New version of analogue (0.7-0)

Posted on June 1, 2011 by ucfagls in R bloggers, Uncategorized | 0 Comments

[This article was first published on From the bottom of the heap » R, and kindly contributed to R-bloggers]. (You can report issue about the content on this page here)

Want to share your content on R-bloggers? click here if you have a blog, or here if you don't.

Last week I pushed an update of my analogue package to CRAN. The last release (0.6-23) was on CRAN sometime in Mar 2010 so an update was well overdue.

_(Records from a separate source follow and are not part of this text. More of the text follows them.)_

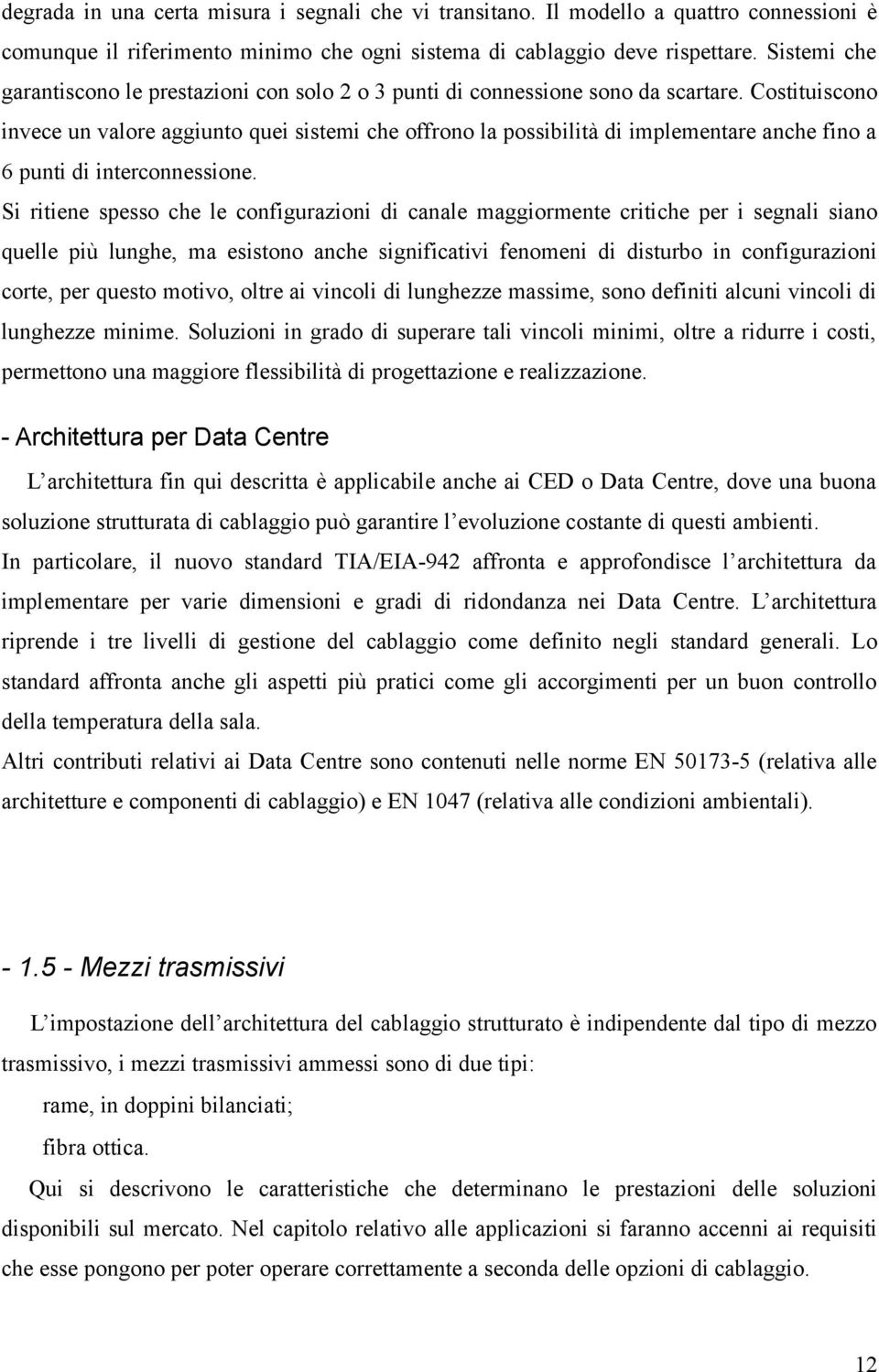 Costituiscono invece un valore aggiunto quei sistemi che offrono la possibilità di implementare anche fino a 6 punti di interconnessione.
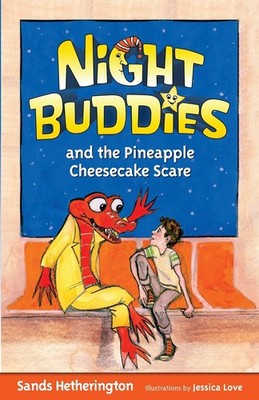 Night Buddies and the Pineapple Cheesecake Scare (Adventures After Lights Ou...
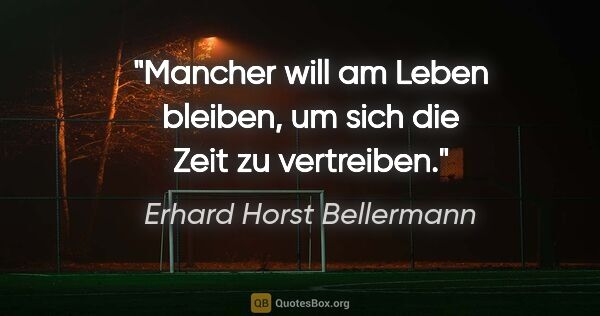 Erhard Horst Bellermann Zitat: "Mancher will am Leben bleiben,

um sich die Zeit zu vertreiben."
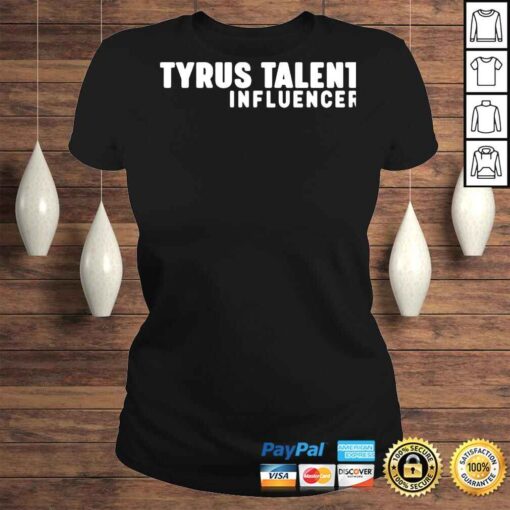 Tyrus talent influencer shirt - Image 3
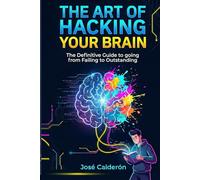 The Art of Hacking Your Brain: The Ultimate Strategy Manual to Crush Your Exams and Hack Your Grades (Without Dying of Boredom)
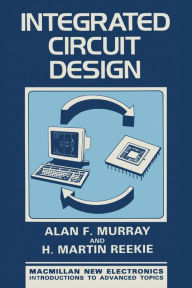 Title: Integrated Circuit Design, Author: Alan F. Murray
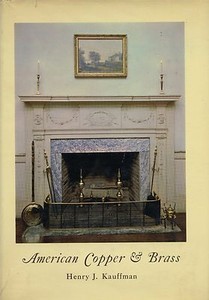 Antique American Copper Brass - History Types Makers Dates /  Book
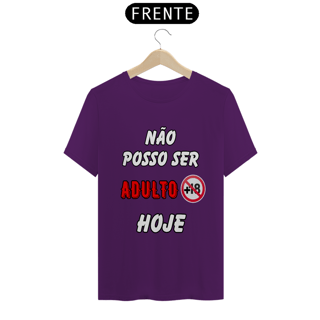Nome do produto Não Posso Ser Adulto Hoje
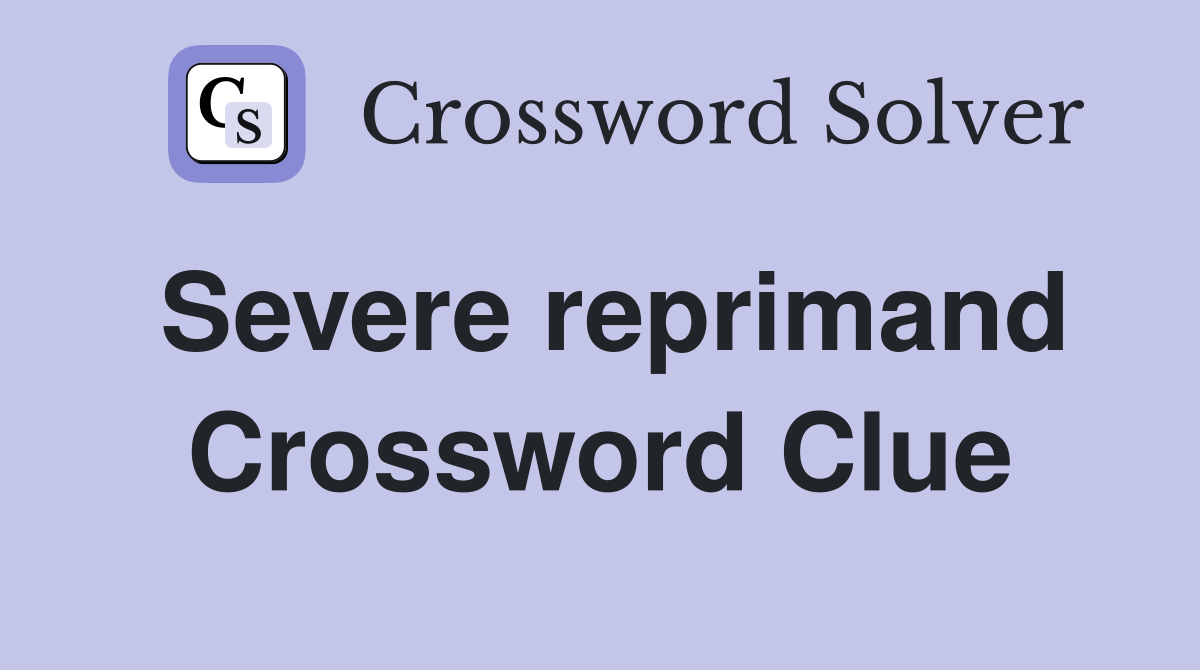 Severe reprimand Crossword Clue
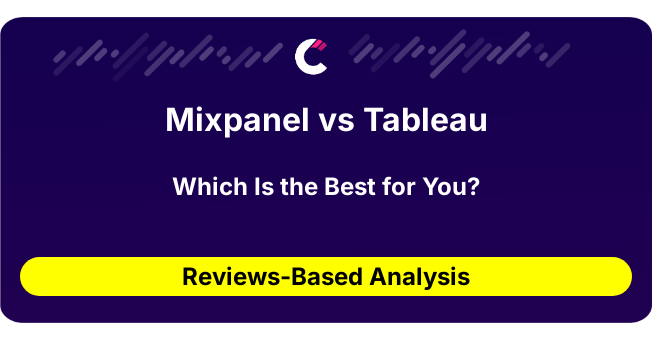 Mixpanel vs Tableau (AI Analysis from 78 Review Data)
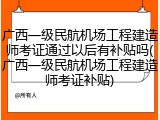 广西一级民航机场工程建造师考证通过以后有补贴吗(广西一级民航机场工程建造师考证补贴)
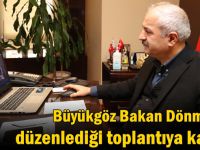 Başkan Büyükgöz Bakan Dönmez’in düzenlediği toplantıya katıldı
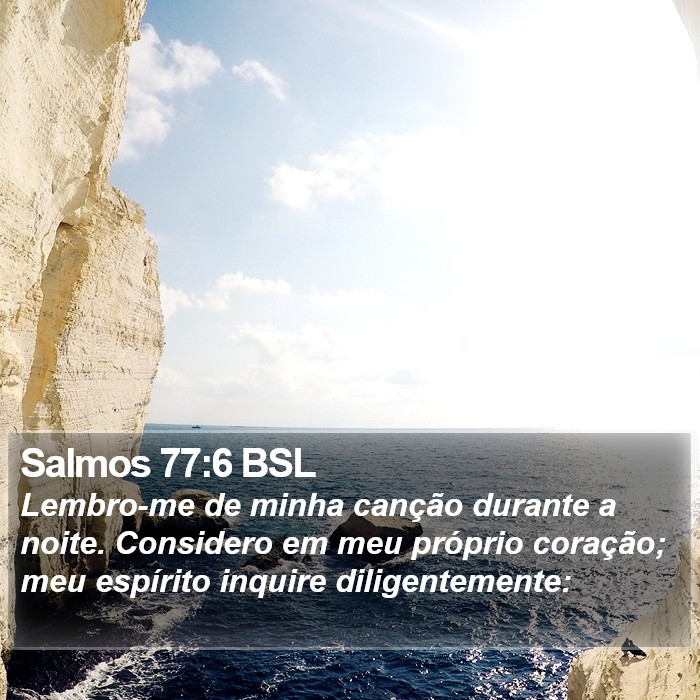 Salmos 77:6 BSL Bible Study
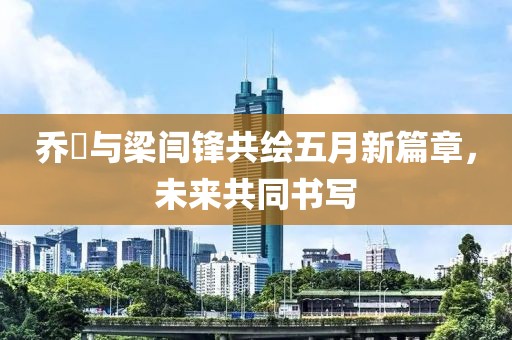 乔玥与梁闫锋共绘五月新篇章，未来共同书写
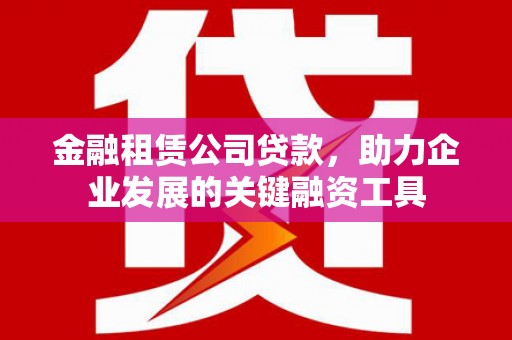 盖州金融租赁公司贷款，助力企业发展的关键融资工具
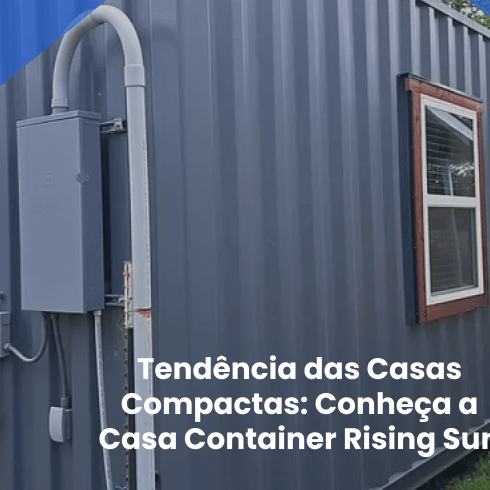 Tendência das Casas Compactas: Conheça a Casa Container Rising Sun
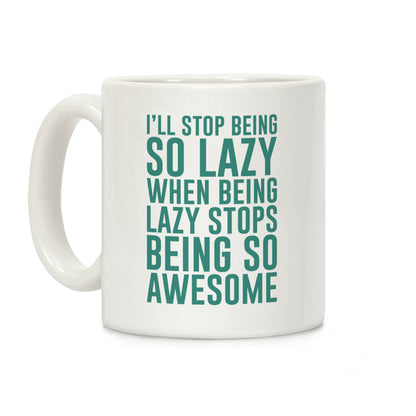 I'll Stop Being So Lazy When Being Lazy Stops Being So Awesome (Green) Coffee Mug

This (0.7-0) is a major update to analogue containing lots of new functionality. The main changes are:

chooseTaxa() is a new utility function for choosing which taxa to select from a species training set. Usual practice is to select the most abundant species (or conversely, not select the rare species) from a data set for plotting or building a transfer function. Whilst this idea might be a bit questionable to an ecologist (surely the rare things are important for something? Or are they? That in itself is an interesting question!) it helps with transfer function model building because to the modelling functions the rare species are often noise. chooseTaxa() allows the user to select species that reach at least a stated abundance (say 2%) and/or are present in at least a stated number of samples (say 5 samples). The distinction allows us to a low abundance taxon that is ubiquitous in a training set.
timetrack() can overlay data from a sediment core on to an ordination of a training set. Usually the training set contains data on species-environment relationships, whilst the environment is typically not measured (or even available) for samples in a sediment core. We can, however, use the species scores from the ordination of the training data to position the sediment core data into the ordination: in Canoco-speak, these samples are known as supplementary (or passive for older Canoco-aware users). This type of overlay is known as a timetrack. The function has a plot() method with which to visualise the timetrack overlay.
prcurve() is a user-friendly wrapper function to fit a principal curve to palaeoecological data. We often summarise change in species composition in a sediment core through time using ordination axes, say PCA axes 1 and 2 scores, but standard ordination techniques tend to require two or more axes to capture the dominant gradient in the data. Geometrically, we see this as an arch or horseshoe configuration in the ordination diagram. A principal curve is a generalisation of the first principal component, and is a smooth curve fitted in high dimensions using smoothers. Where there is a dominant gradient (i.e. temporal change) the principal curve will tend to explain more of the variance in the data using a single “component” than 2 or more PCA or CA axes. The underlying fitting is performed using the princurve package, which is now a dependency. The function is named after the standard R function prcomp(), which performs PCA.
Stratiplot() has gained the ability to draw zones over the stratigraphy, and it can now accommodate mixtures of proportional (e.g % composition) and absolute (e.g. biogeochemical data) data types. The latter functionality is experimental at the moment and the interface is a little clunky.
The package has a new data set; abernethy. These are the classic Abernethy Forest pollen data of Hilary Birks. These data have been used extensively as an example data set in the development of numerical techniques for the analysis of palaeoecological data. The package uses these data to illustrate the fitting of principal curves using new function prcurve().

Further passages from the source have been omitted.